Any time that you create a copyrightable work with someone else – whether it’s co-writing a song, a play, a book or a treatment for a television series – you and your co-creators should sign a collaboration agreement.  Without a collaboration agreement, the default ownership rules for joint works apply.


Collaboration agreements are agreements among co-creators that cover several important points:

(1) Ownership.  Who owns the co-authored work, and in what percentage ownership does each co-creator possess?  In other words, who owns the copyright such that they can, among other things, license the work to others, or prepare derivative works based on the original co-authored work?  The co-authored work should be registered with the Copyright Office and the collaboration agreement can modify the default rules for each co-author’s ownership interest.

(2) Right/Permission to Exploit.  Who can exploit (e.g., sell or distribute) the co-authored work?  For example, if the co-authored work is a song, can/will all the songwriters list the song on Spotify or sell on Apple Music?  Does each contributing songwriter license (“administer”) only his share, or may one writer handle the licensing for all of them?  Alternatively, will a third party be authorized to do this on behalf of all the songwriters?
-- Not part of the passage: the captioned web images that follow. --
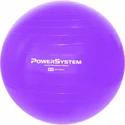 Power System Gymnastický Míč 65 Cm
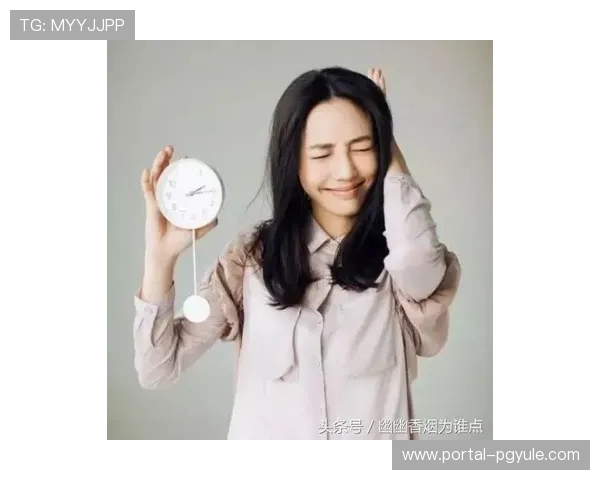 优质稳定的AG女优厅登录线路推荐，保障您的观看体验无忧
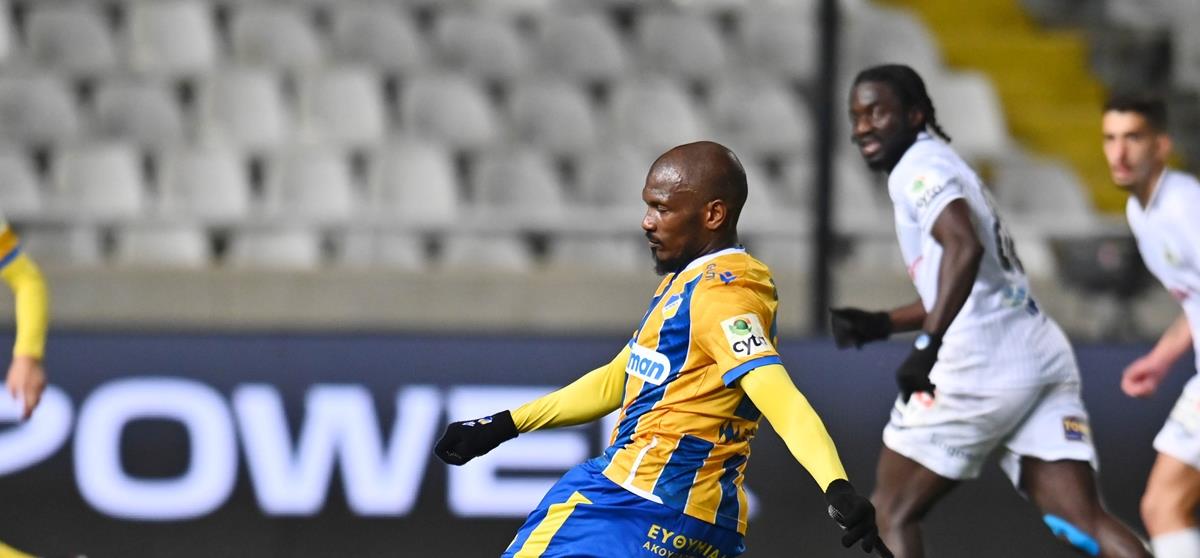 4460718720576353 image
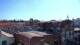 Terrassa Di. 8.9.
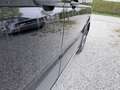 Volkswagen Crafter Schwarz - thumbnail 10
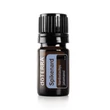 Kép 1/2 - Spikenard – Nárdus illóolaj 5 ml - doTERRA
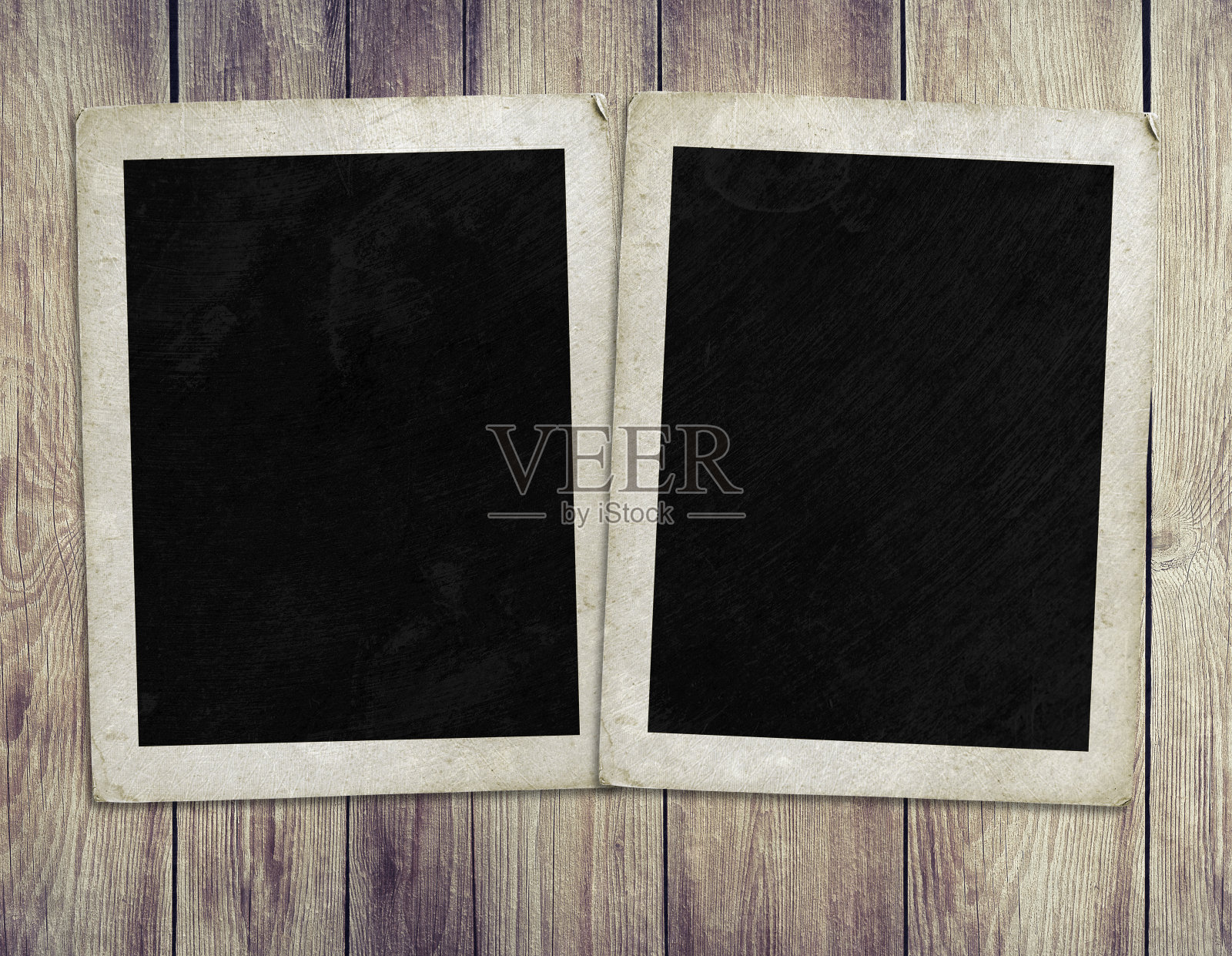 空白的相框照片摄影图片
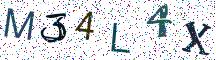 M34L4X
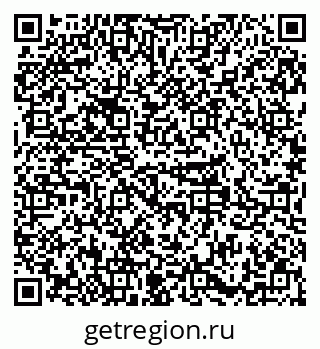 79379291907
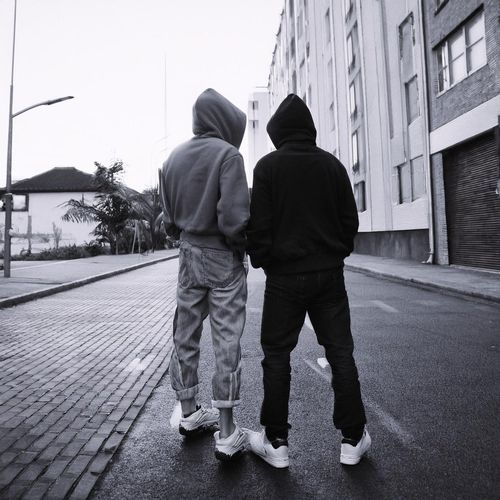 Vibraciones Que Fluyen: Un Viaje A Través Del Lofi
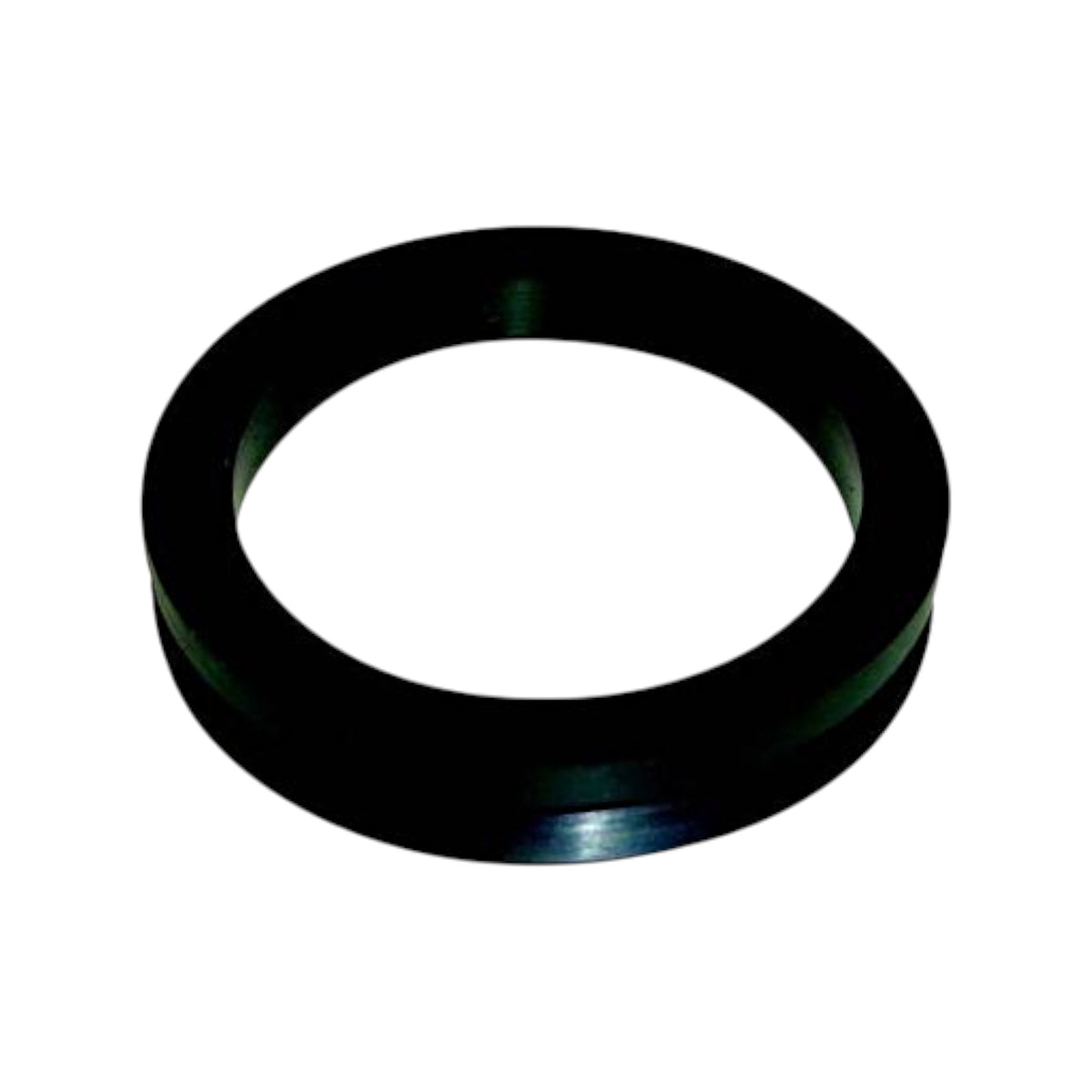 839195 - Ring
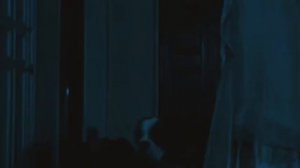 Бригада// Оля и Саша// мы с тобой поломанные психи…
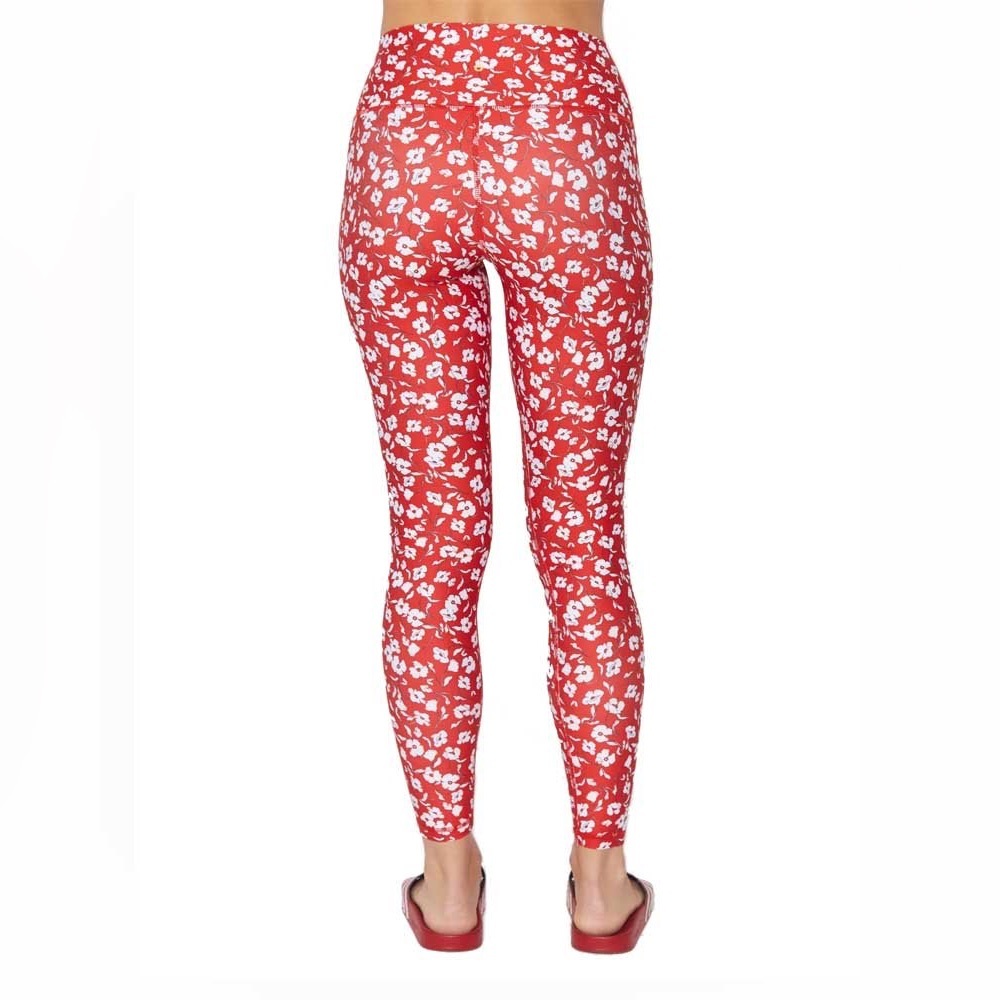 Intent Hw Legging - image 3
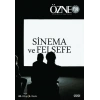 Özne 20. Kitap / Sinema ve Felsefe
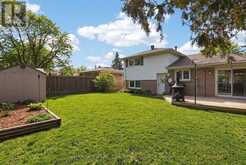 41 STAVELEY CRESCENT | Brampton Ontario | Slide Image Forty-five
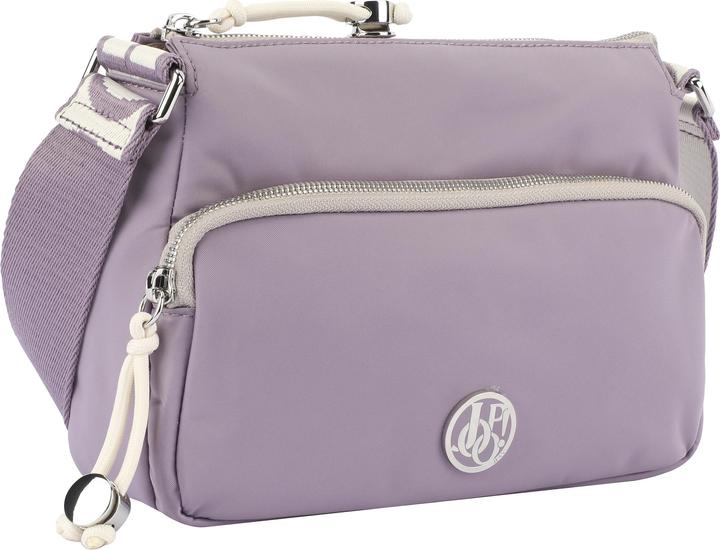 Image du produit Joop! lietissimo jasmina sac à bandoulière shz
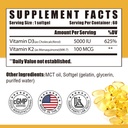 vitamin-d3-k2-with-mct-oil-vitamin-d3-50-2.jpg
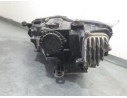 Recambio de faro derecho para seat arona (kj7, kjp) 1.0 tsi referencia OEM IAM 6F1941006D  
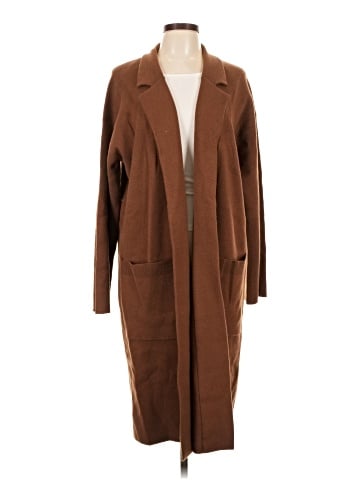 J.Crew Coat (view 1)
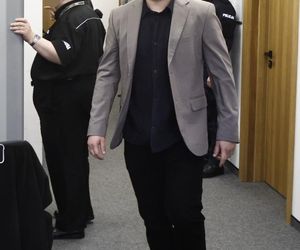 Rozwód: Joanna Opozda i Antek Królikowski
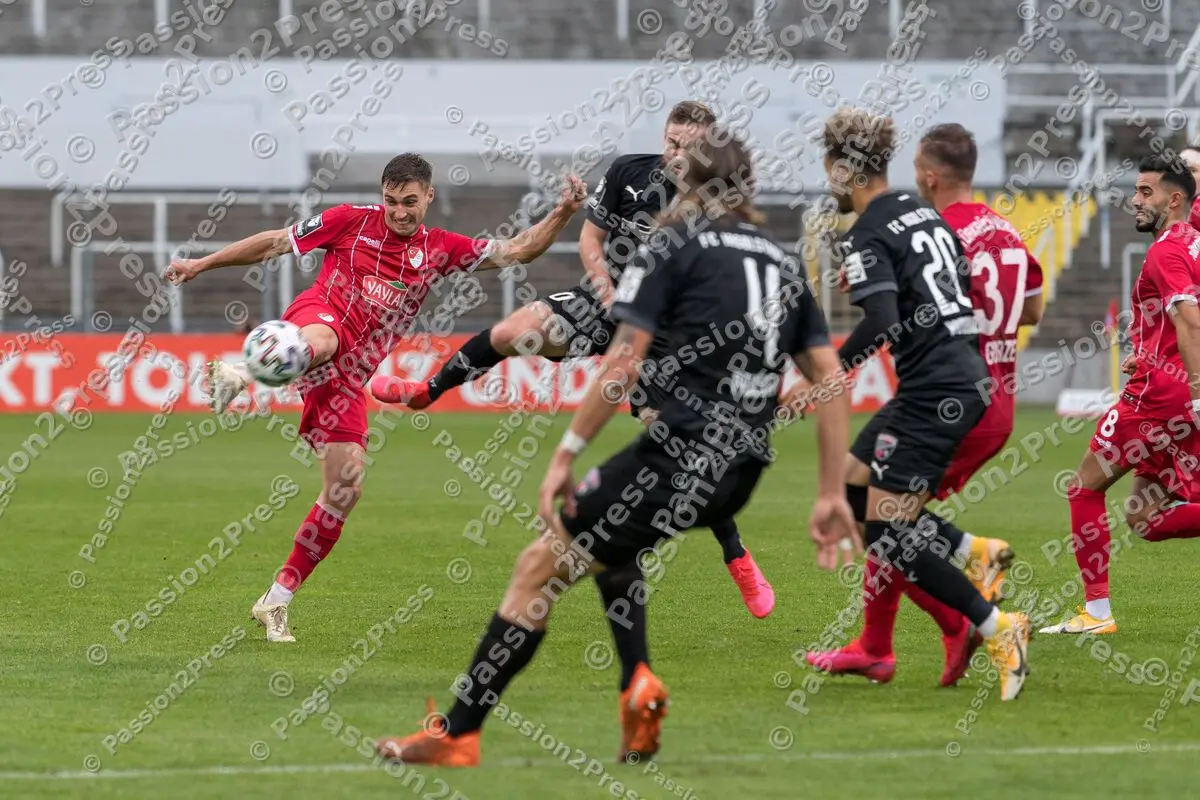 TGMFCI_20201101_1525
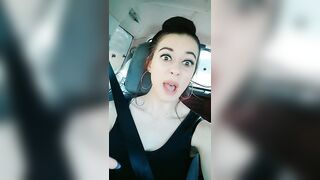 [3623 of 3935 Vids] Bree Louise (bree_louisexoxo aka breebbydance) OnlyFans Leaks Nude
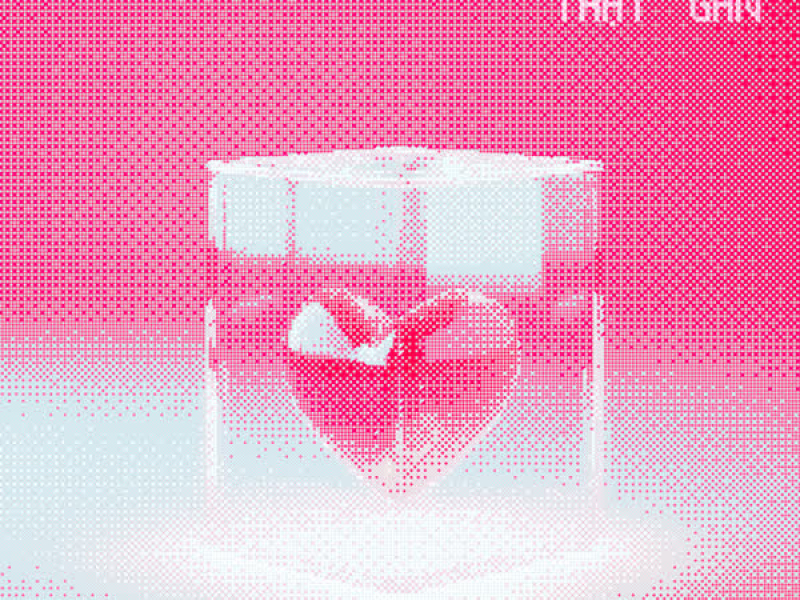 Anh Sẽ Luôn Thật Gần (Single)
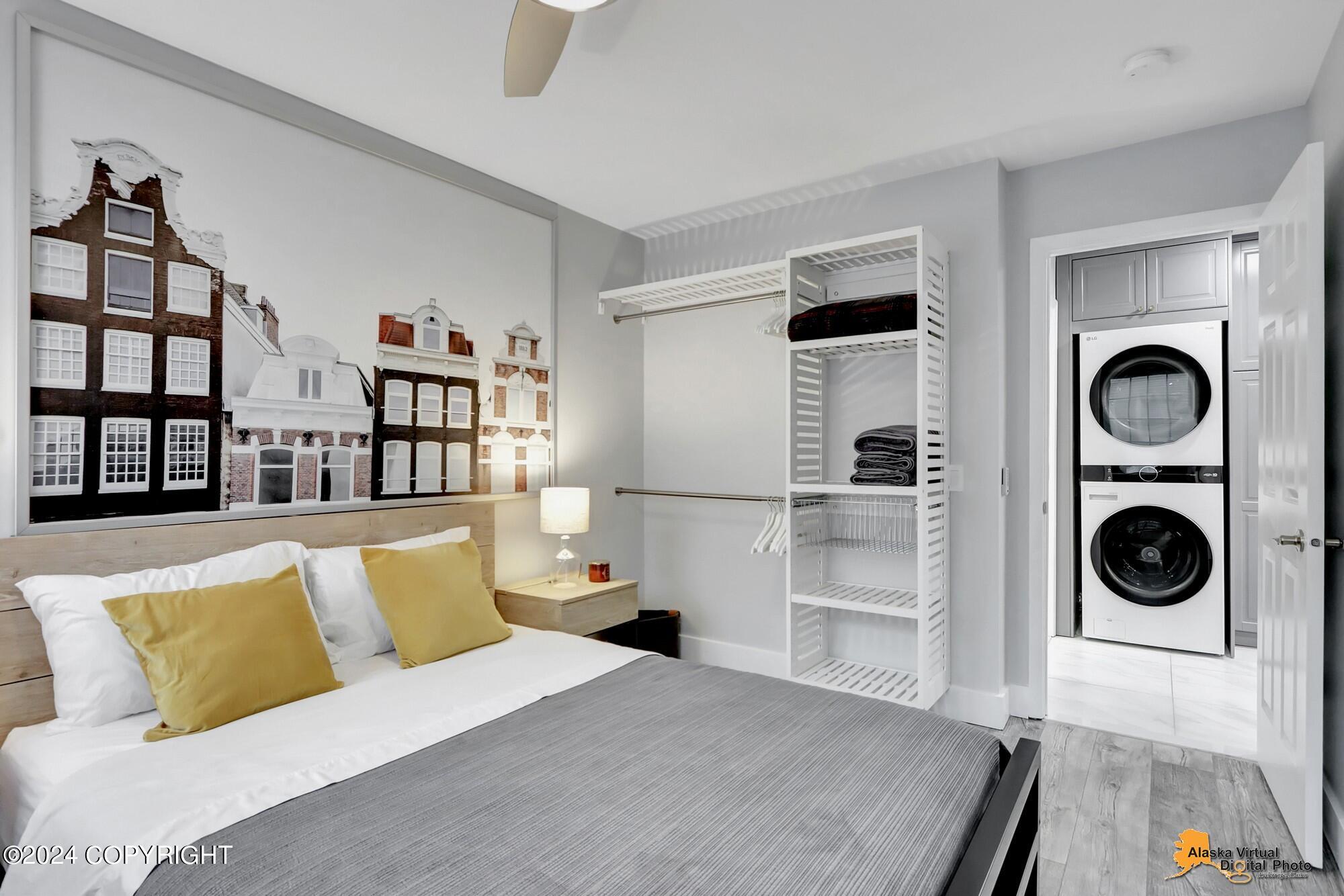 3601 Raspberry Road # 7A Unit: #7A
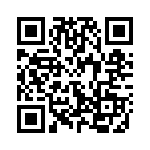 7109K2AQE QRCode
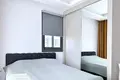 Квартира 3 комнаты 78 м² Trikomo, Северный Кипр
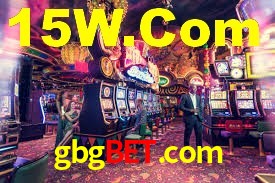 Experimente o Login Seguro Premium no gbgbet.com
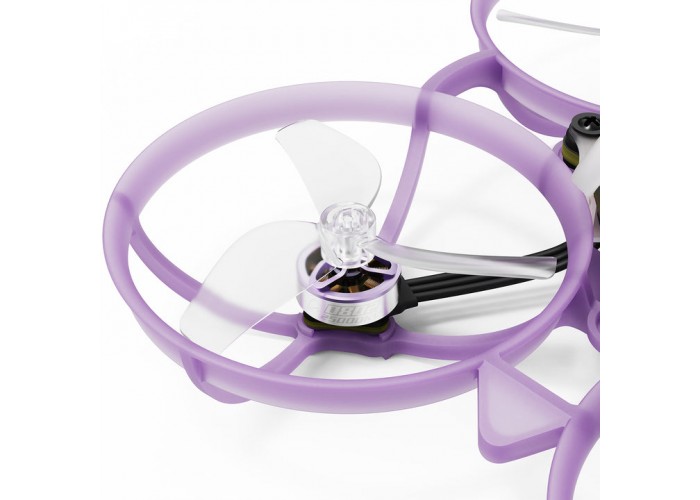 Квадрокоптер BetaFPV Air75 II Brushless Whoop Quadcopter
(3) Royalties.  What percentage of royalties is each co-author entitled to when the work is sold or licensed?  Often (but not always) this percentage is the same as that for the copyright ownership share.  Additionally, if there were expenses in creating the work that one of the co-authors paid, a recoupment of the expenses to that co-author can be addressed.  For example, if one of the co-authors of a song paid $100 for the studio time for all songwriters, then perhaps that songwriter would be paid back their $100 first from any exploitation or money made before any royalties are split.  Further, how often will royalties be paid (e.g., quarterly; bi-annually)?  In what form will payment be sent?  Will the payment include a written statement?  All of this can be addressed and specifically clarified in a collaboration agreement.

(4) Credit.  How will each co-author be credited (or perhaps not credited) on distributions of the work?  For example, establishing who will be credited is particularly important when a book is co-authored by a ghostwriter.

(5) Final Approval.  If the collaboration agreement is being entered into prior to the creation of the work (this is often the case with larger-budget works like television shows, films and budgeted music albums), the agreement should address which of the co-authors has final approval of the work (i.e., which of the raw footage, or “takes,” shall constitute the final version of the work).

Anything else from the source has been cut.